The term “B-Side” is derived literally from “side b” of a vinyl single. When 7-inch vinyl singles were common, “side a” ordinarily contained the hit, “side b” the alternative track; “the reach”, if you will.

A B-Side, as seen by the likes of goof & gremmie, is defined as any studio produced track that has been made available to fans, yet has become difficult to procure due to both time elapsed since first-issue and the tracks’ elusiveness on singles, soundtracks, or compilations.

More on B-Sides below:

B-sides are different from unreleased material, outtakes and demos.

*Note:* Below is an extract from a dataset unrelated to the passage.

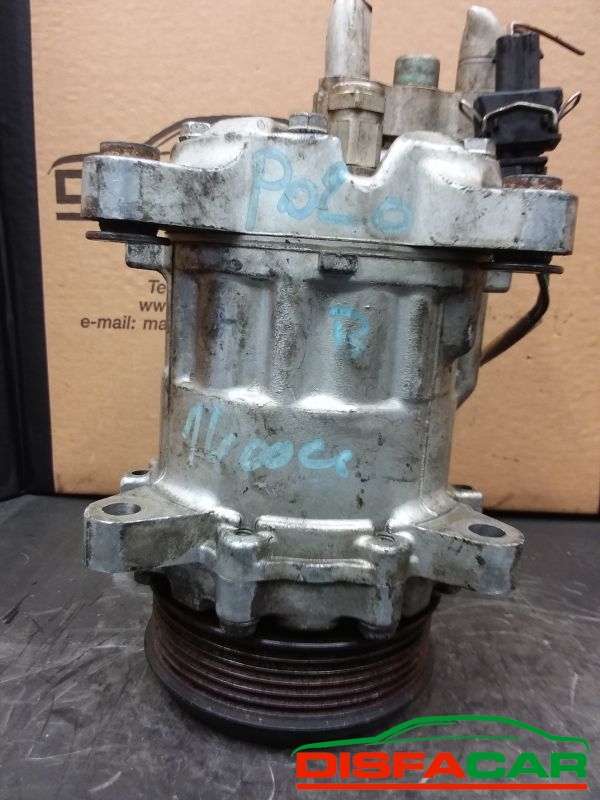 Compressore clima usato Volkswagen Polo AROSA - FELICIA 1994 – foto 7 di 10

“Unreleased material” is work that usually isn’t released to the general public. On rare occasions, particularly for reissues, these songs are in fact placed on albums, often with that description after it.

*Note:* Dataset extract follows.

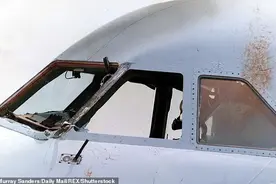 英航空难：驾驶舱窗户脱落，机长在5200米高空被吸出窗外图片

“Outtakes” are songs recorded for an album but, either for technical or artistic purposes, not included in the released album. They occasionally appear on reissues of albums, billed as “bonus tracks”. R.E.M.’s album Dead Letter Office, for example, is a collection of outtakes from previous albums that were later released as b-sides to various singles.

“Demos” are early versions of songs which, like “unreleased material”, seldom see the light of day. Demos of songs often have additional or alternative verses. Often more demos than full songs are recorded, as an artist goes back and retools what is already present.